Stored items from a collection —
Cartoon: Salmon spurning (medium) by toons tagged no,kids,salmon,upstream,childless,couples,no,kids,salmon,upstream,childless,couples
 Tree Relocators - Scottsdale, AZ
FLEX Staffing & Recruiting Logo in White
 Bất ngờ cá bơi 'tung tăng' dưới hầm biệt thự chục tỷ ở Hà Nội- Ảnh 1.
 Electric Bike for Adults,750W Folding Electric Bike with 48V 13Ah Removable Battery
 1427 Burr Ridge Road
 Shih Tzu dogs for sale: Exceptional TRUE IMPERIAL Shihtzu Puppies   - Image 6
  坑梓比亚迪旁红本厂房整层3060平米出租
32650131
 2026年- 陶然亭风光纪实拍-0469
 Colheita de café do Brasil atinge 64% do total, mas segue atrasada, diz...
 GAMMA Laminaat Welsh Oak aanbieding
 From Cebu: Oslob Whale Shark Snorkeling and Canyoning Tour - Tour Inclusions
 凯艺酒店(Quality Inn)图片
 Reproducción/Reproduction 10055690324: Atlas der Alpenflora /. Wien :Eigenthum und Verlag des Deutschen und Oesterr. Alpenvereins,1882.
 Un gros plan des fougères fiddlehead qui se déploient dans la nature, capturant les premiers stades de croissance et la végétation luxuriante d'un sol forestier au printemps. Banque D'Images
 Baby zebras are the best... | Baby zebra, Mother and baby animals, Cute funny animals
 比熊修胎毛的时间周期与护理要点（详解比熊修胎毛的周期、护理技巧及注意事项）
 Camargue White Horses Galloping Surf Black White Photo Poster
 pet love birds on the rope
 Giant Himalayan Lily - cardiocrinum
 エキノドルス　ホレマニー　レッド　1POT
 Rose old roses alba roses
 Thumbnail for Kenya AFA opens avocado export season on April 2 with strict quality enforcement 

TASK OBJECTIVE — Only those lines running from the one containing "pet love birds on the rope" through the last line of the data above are to be copied, exactly, with both ends included.

ANSWER BELOW —
 pet love birds on the rope
 Giant Himalayan Lily - cardiocrinum
 エキノドルス　ホレマニー　レッド　1POT
 Rose old roses alba roses
 Thumbnail for Kenya AFA opens avocado export season on April 2 with strict quality enforcement 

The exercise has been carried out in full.